►
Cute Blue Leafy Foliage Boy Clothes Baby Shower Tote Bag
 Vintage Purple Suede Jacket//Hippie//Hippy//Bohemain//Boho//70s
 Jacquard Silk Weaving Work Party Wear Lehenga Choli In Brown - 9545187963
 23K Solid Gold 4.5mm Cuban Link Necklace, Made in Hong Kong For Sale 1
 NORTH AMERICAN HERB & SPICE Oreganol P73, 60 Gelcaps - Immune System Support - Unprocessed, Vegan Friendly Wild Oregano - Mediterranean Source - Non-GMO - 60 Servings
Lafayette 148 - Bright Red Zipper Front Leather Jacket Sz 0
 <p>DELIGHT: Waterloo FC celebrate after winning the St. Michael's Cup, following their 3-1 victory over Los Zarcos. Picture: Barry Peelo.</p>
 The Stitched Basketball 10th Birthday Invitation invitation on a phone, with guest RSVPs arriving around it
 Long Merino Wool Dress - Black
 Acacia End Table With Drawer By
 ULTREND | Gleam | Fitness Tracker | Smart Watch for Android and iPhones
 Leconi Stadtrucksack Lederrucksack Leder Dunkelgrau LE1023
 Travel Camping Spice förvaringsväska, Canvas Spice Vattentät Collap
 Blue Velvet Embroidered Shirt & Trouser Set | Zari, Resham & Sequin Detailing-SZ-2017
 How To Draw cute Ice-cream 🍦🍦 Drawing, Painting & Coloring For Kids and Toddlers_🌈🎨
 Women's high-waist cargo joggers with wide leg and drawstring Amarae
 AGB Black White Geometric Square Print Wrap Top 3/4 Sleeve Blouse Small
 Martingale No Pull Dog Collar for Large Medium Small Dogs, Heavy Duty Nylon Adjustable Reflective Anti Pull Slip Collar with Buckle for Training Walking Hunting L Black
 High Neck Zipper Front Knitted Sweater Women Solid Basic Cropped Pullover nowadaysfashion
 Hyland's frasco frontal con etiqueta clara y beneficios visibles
◄
=== Assignment ===
The range begins at the line containing "The Stitched Basketball" and ends at the last line of the entries; reproduce it exactly.

=== Solution to this task ===
 The Stitched Basketball 10th Birthday Invitation invitation on a phone, with guest RSVPs arriving around it
 Long Merino Wool Dress - Black
 Acacia End Table With Drawer By
 ULTREND | Gleam | Fitness Tracker | Smart Watch for Android and iPhones
 Leconi Stadtrucksack Lederrucksack Leder Dunkelgrau LE1023
 Travel Camping Spice förvaringsväska, Canvas Spice Vattentät Collap
 Blue Velvet Embroidered Shirt & Trouser Set | Zari, Resham & Sequin Detailing-SZ-2017
 How To Draw cute Ice-cream 🍦🍦 Drawing, Painting & Coloring For Kids and Toddlers_🌈🎨
 Women's high-waist cargo joggers with wide leg and drawstring Amarae
 AGB Black White Geometric Square Print Wrap Top 3/4 Sleeve Blouse Small
 Martingale No Pull Dog Collar for Large Medium Small Dogs, Heavy Duty Nylon Adjustable Reflective Anti Pull Slip Collar with Buckle for Training Walking Hunting L Black
 High Neck Zipper Front Knitted Sweater Women Solid Basic Cropped Pullover nowadaysfashion
 Hyland's frasco frontal con etiqueta clara y beneficios visibles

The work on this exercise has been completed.